Tuesday, May 15, 2012

Day 362: Reserved

This won't earth-shattering news that you've never heard before. My advice is to sleep on it.

I have loved e-mail since as long as it's been around. The beauty of it is that there is a documented thread of a conversation. It's great for business; I once worked at a place where a key component of what we did was implementing an online tracking system for work orders. It was marvelous. We had a complete record of a project from ideation to completion. We were able to log specs and changes as a project evolved, offering documented feedback between customer and producer. It allowed us to easily keep track of deadlines, assure quality, and when all was said and done we also had a superb way of measuring  our results. Absolutely perfect.

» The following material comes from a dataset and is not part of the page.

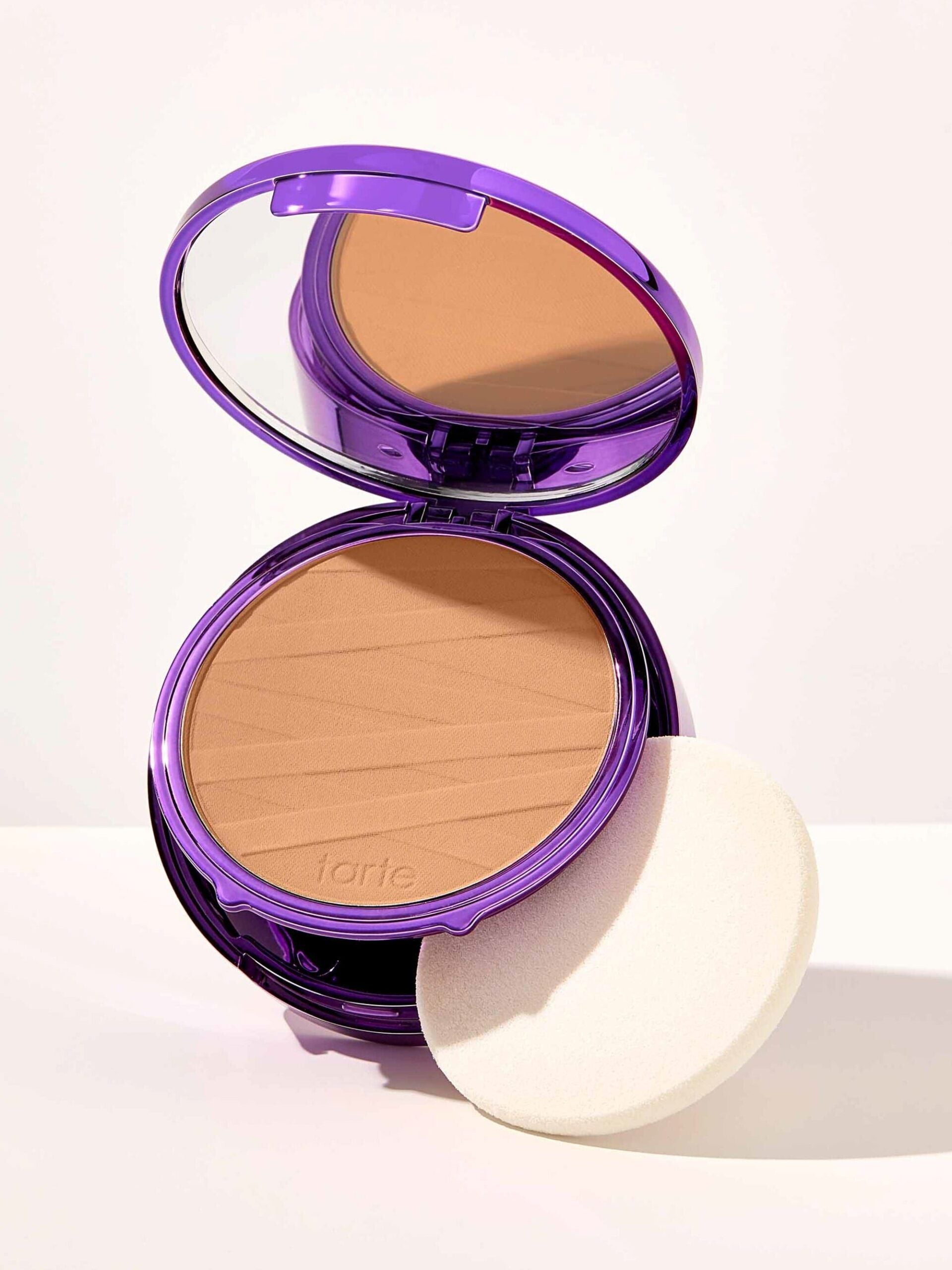 Tarte Shape Tape Pressed Powder #33s medium sand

That was a highly evolved "e-mail" ordering system. But most e-mail in a business use is less structured and less formal.

It can also be very deadly. Because of its theoretical permanence, what you write can and may be used against you. e-mail lacks nuance. Something written in a humorous vein can come out sarcastic or flip.

I learned this the hard way.

At one time I was a master of the hot e-mail. And not hot like you'd find on the seamy side of the Internet... hot as in, someone's gonna get burned. Sometimes that was me. Hello, Laymon.

In my ongoing evolution toward complete honesty, along the way I've lost some of the filtration system that can be useful. This is known as "sugar-coating." Sometimes I'd get a bee in my bonnet and knee-jerk a response.

Don't do this.

The problem isn't that you may be right, perfectly right. The problem is in the delivery. Especially if a lot of recipients are privy to the conversation, a hot e-mail can not just put someone on the defensive, it can downright embarrass them. This does not usually foster and develop a collaborative work environment.

This policy also applies to non-work e-mail.

What I learned in that long-ago situation was that if a hot e-mail wasn't time-sensitive, give it a night to see how you feel tomorrow before hitting the "send" button. Maybe you are being too harsh. Maybe you're even wrong. In any event, re-reading your post before sending can allow you to soften the message if need be.

I wrote four hot pages Saturday, and wasn't done when I got interrupted and pulled away from it. Today, Tuesday, it remains exactly where I left it. A lot of what I wrote represents my version of complete truth. But truth wielded like a hammer can be very destructive.

So I haven't sent it, and probably won't send it. It's going into the archive and may one day resurface as a window into a rough day and an unpleasant scene.

But today, I feel mature and wiser. Not a bad approach.